[ACTIVITY] Copy exactly the stretch of lines from the one holding "Paarse dovenetel s.s. (Lamium purpureum)" through the last line of the data below, inclusive. Leave out pictures.

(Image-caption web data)
*** Block opens ***
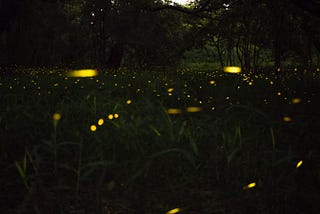 Firefly memories and climate change: what we know and how I’m trying to help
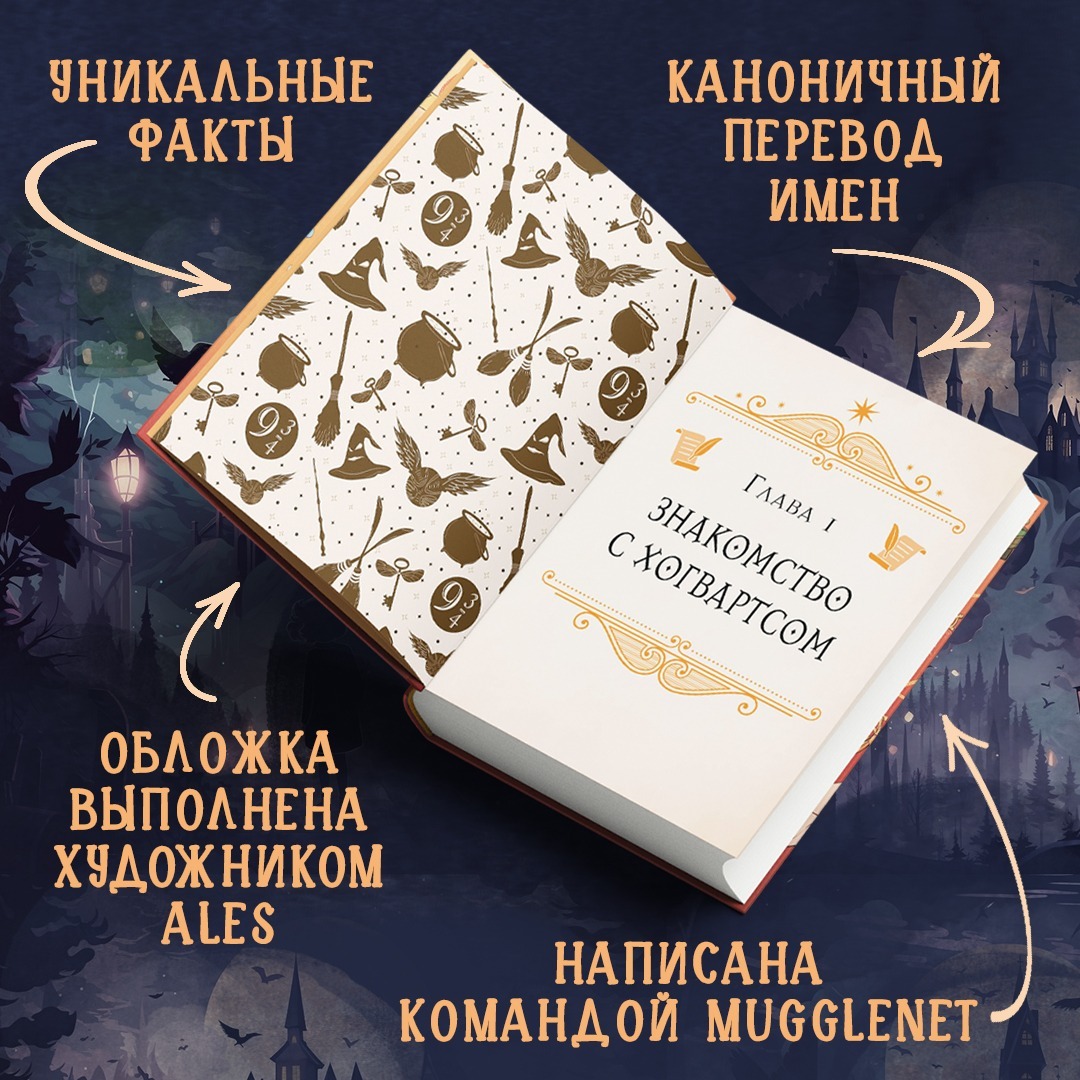 Получить сову и пережить пять ночей: подарки для фанатов популярных  вселенных | Пикабу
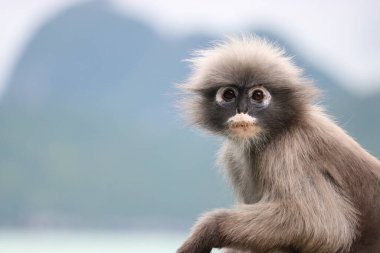 Tatlı, tüylü, yaşlı, esmer yaprak maymunu (Trachypithecus obscurus).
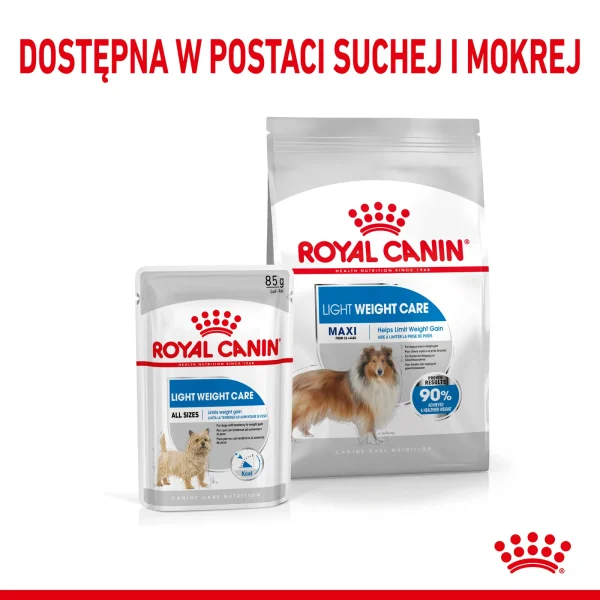 Karma sucha Royal Canin Maxi Light Weight Care dla dużych psów z nadwagą 12 kg — widok 7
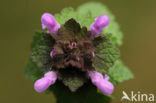 Paarse dovenetel s.s. (Lamium purpureum)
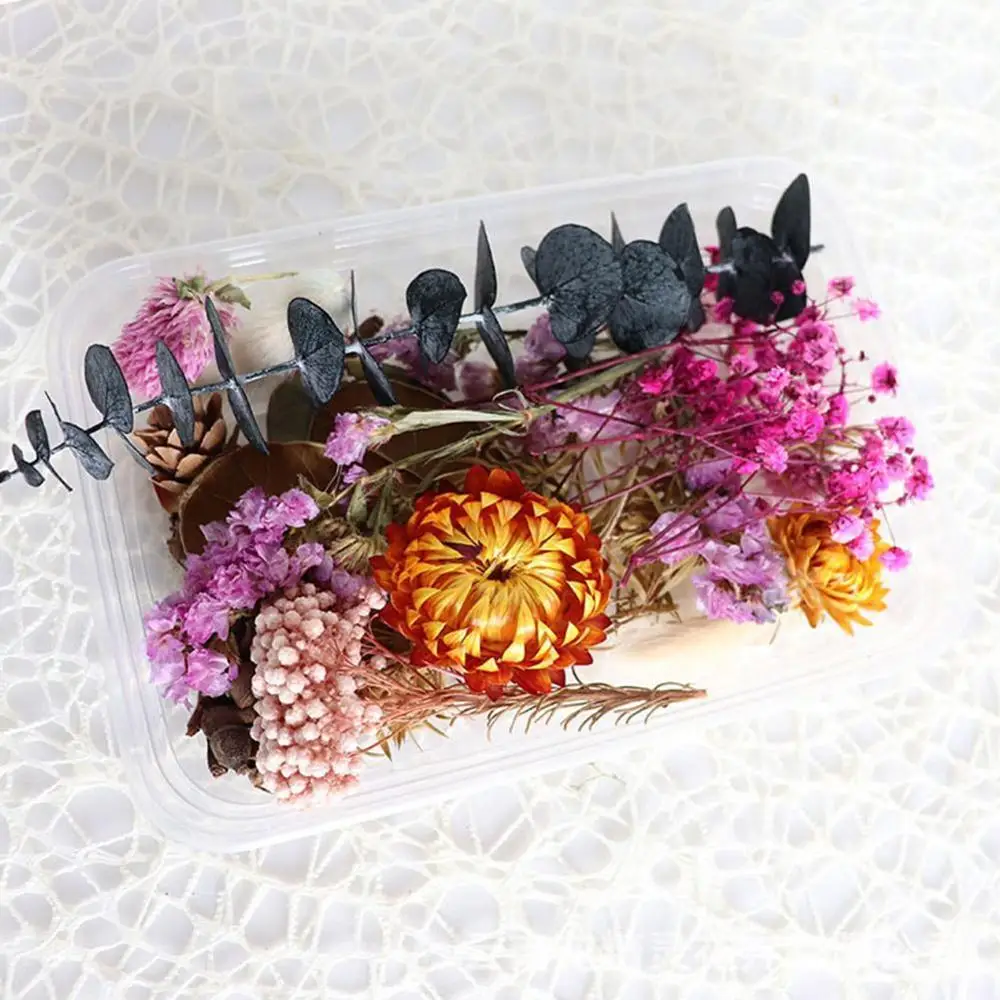 1 коробка высушенный цветок для DIY художественного ремесла эпоксидная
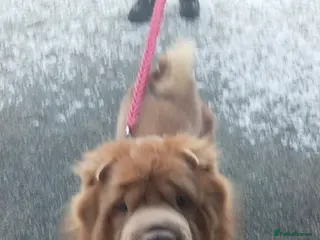 Shar Pei dogs Fozxy - Advert 2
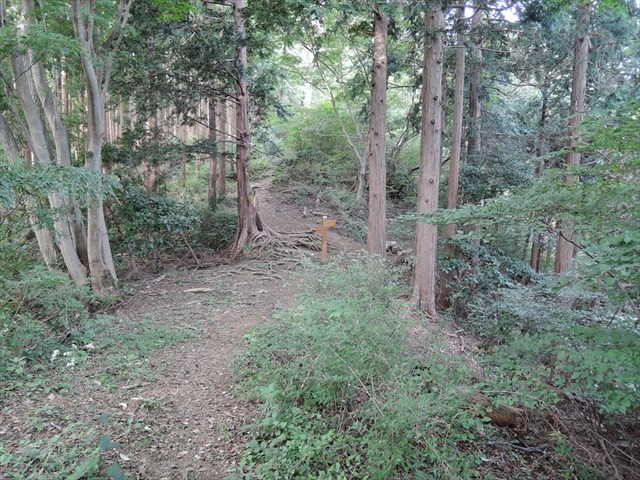 DSCN3249_R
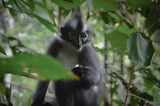 A Thomas's langur or Thomas Leaf Monkey (Presbytis thomasi) in Bukit Lawang North Sumatra, Indonesia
*** Block closes ***
[RESULT BELOW]
 Paarse dovenetel s.s. (Lamium purpureum)
 1 коробка высушенный цветок для DIY художественного ремесла эпоксидная
 Shar Pei dogs Fozxy - Advert 2
 DSCN3249_R
 A Thomas's langur or Thomas Leaf Monkey (Presbytis thomasi) in Bukit Lawang North Sumatra, Indonesia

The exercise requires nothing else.